Should the best person for a job get it regardless of gender or race?
The New York Philharmonic thought so. It was one of many US orchestras that adopted “blind auditions” in the 1970s to eliminate discrimination in selecting musicians. A candidate would play for judges from behind a screen, all personally identifying information redacted from his or her application. The innovation was a success particularly for women, whose participation in top-tier orchestras grew dramatically thereafter. Now, none other than the New York Times argues that blind auditions should end, and that the selection process should “take into account race, gender and other factors.” Because there aren’t enough black musicians in the orchestra.
Being a professional musician in a major philharmonic orchestra is a prodigious undertaking. It requires profound talent and decades of grueling work; it demands grace under pressure and sacrifice. And as exemplified by the New York Philharmonic’s blind auditions, it is the ultimate meritocracy: a violinist can either make Niccolo Paganini’s “Caprices” seem almost playable, or not. But we are now told by the Wizards of Wokeness that meritocracy itself is merely another racist artifact, a tool of “white supremacy.”
One of these Wizards is Pennsylvania State University’s Professor Angela Putman, who examined “ideologies within college students’ discourse that are foundational to whiteness” a while back. Her conclusion, published in 2018, was that “meritocracy,” the belief that people should rise based on the fruits of their own labor, is a “white ideology.” In her mind it is unfortunate that this “white ideology” is widely accepted in academia. I wonder how she justifies her grading.

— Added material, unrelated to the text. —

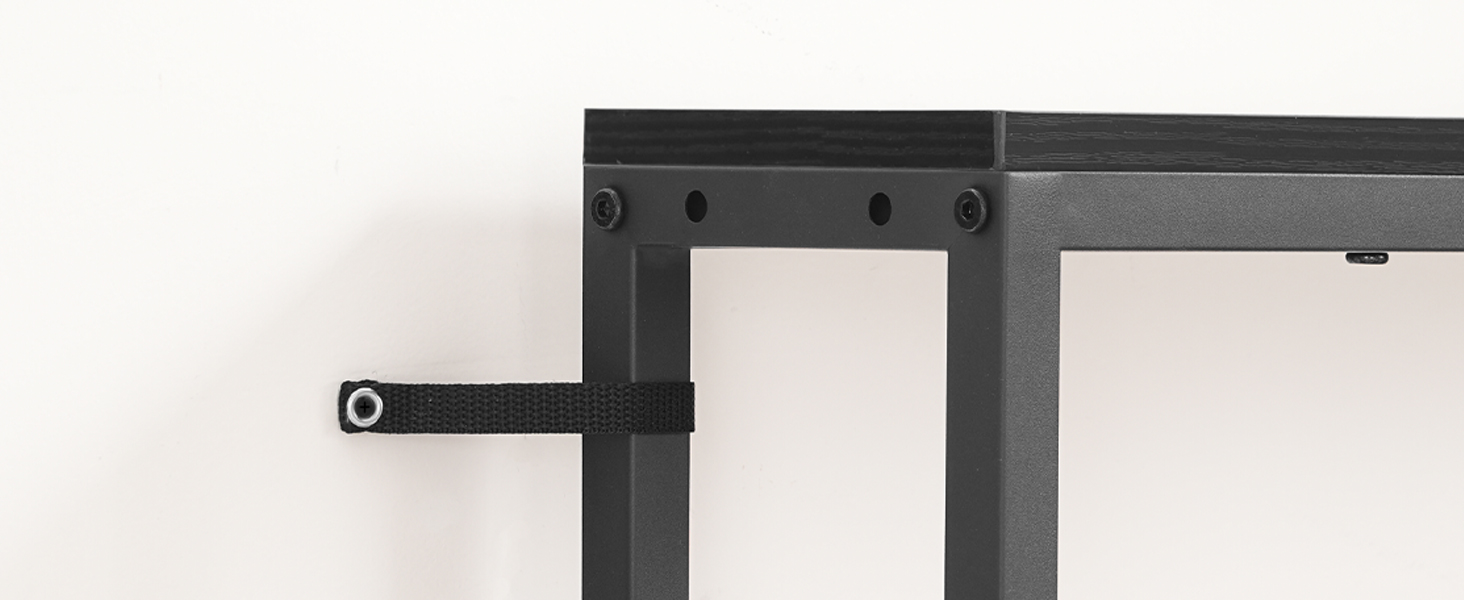 L Shaped Console Table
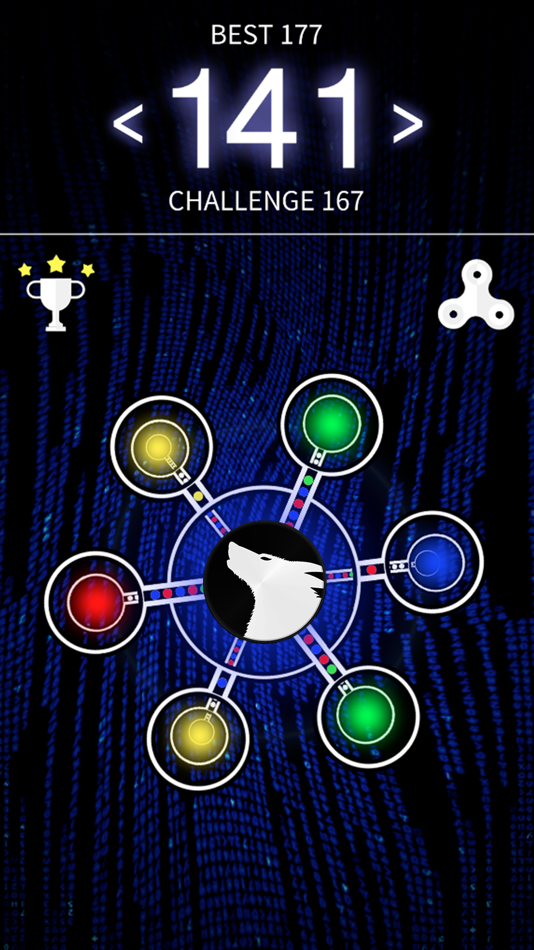 #4. Digital Fidget Hand Spinner (iOS) By: Nalycan AS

Meritocracy as white supremacy is also peddled by such guilt hustlers as the very white and apparently very guilty Robin diAngelo, whose execrable screed “White Fragility” is neatly dissected by Christopher Paslay in a recent “American Thinker.”

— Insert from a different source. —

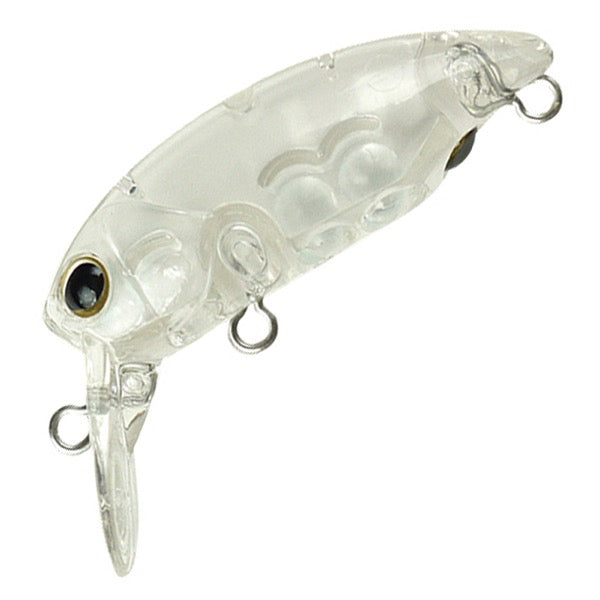 TIMON DEKA MITTS DRY Length: 33mm / Weight: 2.1g Floating Clear
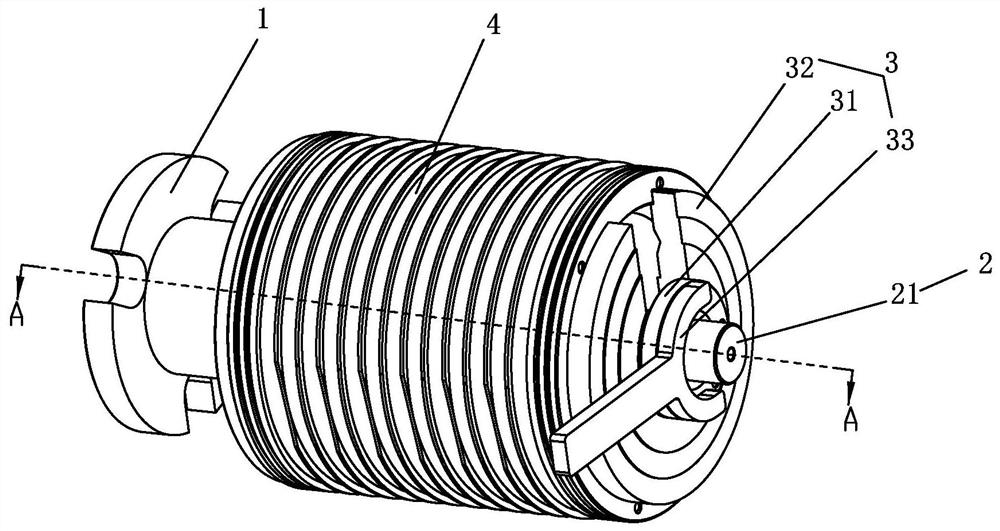 Direct drive motor stator shell machining tool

The reasons this anti-merit twaddle has appeal are many. It might soothe educated, white upper-middle-class strivers exhausted by decades of competition, as Ross Douthat explains in the New York Times. Or they may adopt its sloganizing as a sort of camouflage, hoping that the mob will pass them by, or at least guillotine them last. A few people might actually believe it. But those most active in the Left’s “white supremacy” frenzy are simply and shamelessly coopting the emotional crusade in all its earnestness; its contradictions and hopes; its illogic, bile and profound turmoil; that they may focus all its energy on the crux of their animus: our country and culture, which they wrongly see as uniquely evil and deserving of obliteration.

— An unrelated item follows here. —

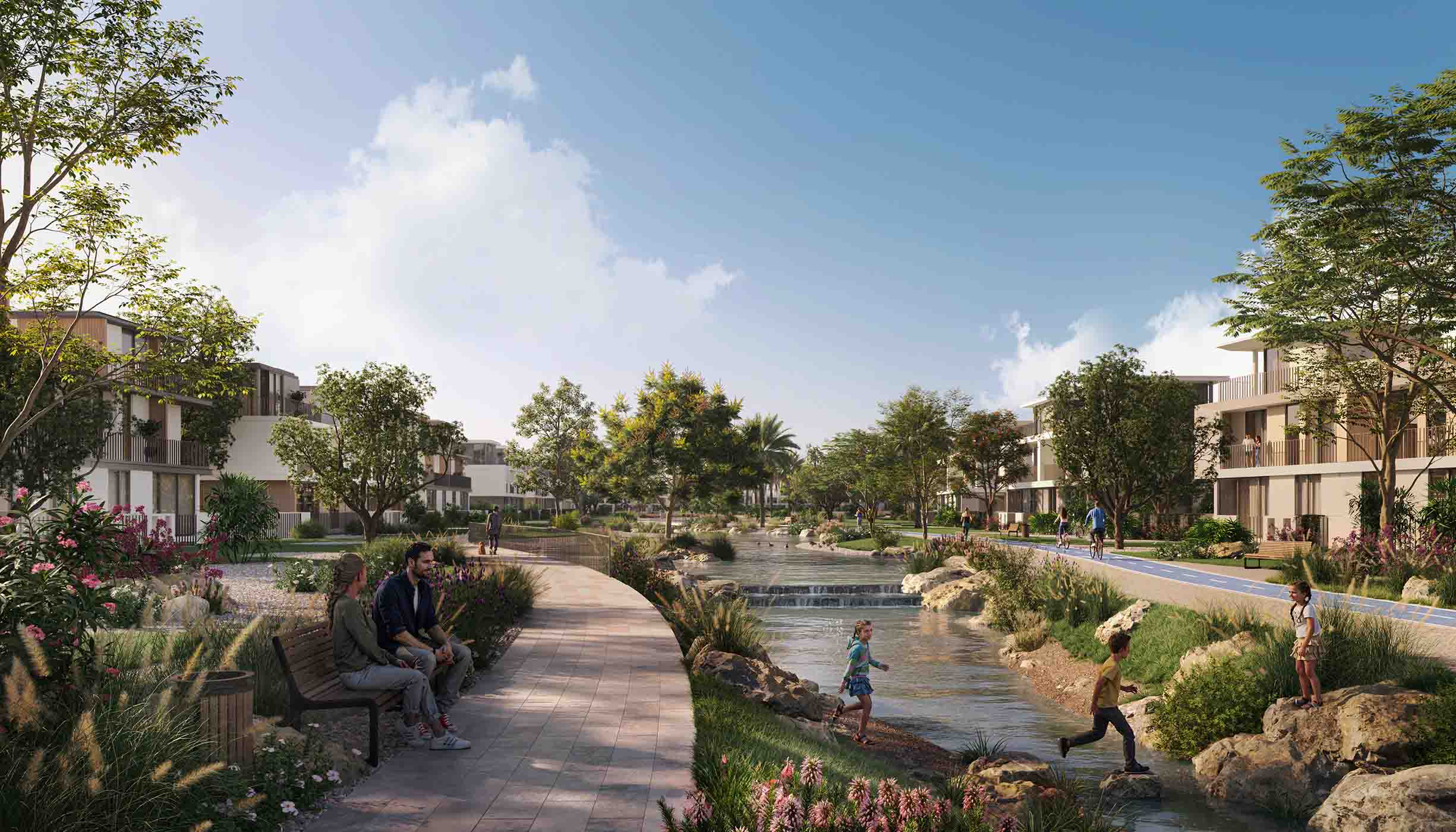 🌳A Nature-Led Lifestyle Set Within Dubai’s Greenest New Hub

What they do not, and apparently cannot comprehend is that in their effort to rid themselves of American society, they are giddily smashing everything which has for two centuries given the world a force for remarkable good. They criticize merit, diligence and self-control as emblems of “whiteness,” apparently without irony or recognition that they thereby suggest nonwhites are prone to mediocrity, sloth and self-indulgence – a reprehensible argument with which generations of Democrats from Jefferson Davis to Governor Clarence Morley to Senator Harry Byrd would doubtless have agreed.
If we really wish to be rid of racism, we must once and for all rid ourselves of the idea that any particular group of humans chosen for their skin color – or sex, or shape, or ethnicity for that matter – will all have certain other characteristics in common: industry or laziness, intelligence or dullness, grace or clumsiness, virtue or vice. It was this tendency to disaggregate humanity into groups based on superficialities that created some of the problems we face today; we will not resolve those problems by doing more of the same, flavored with admixtures of rage and lust for vengeance manufactured by demagogues.
Instead of denigrating merit, we should embrace it, because merit is the measure that ignores outward characteristics such as skin color or gender. Instead of dismissing the search for excellence and the effort it demands as an artifact of “white supremacy,” we should all remember that doing anything worthwhile, from creating a limited field theory to writing a symphony to developing a reliable shot from three-point-land requires work. Lots of it.
And we should all understand that, by insisting that race is the most important factor in America’s political, social and economic existence, the progressive Left proposes to return our nation to the calculations of 1860, hoping for a better outcome this time for their racialized and divided vision of a future for the country.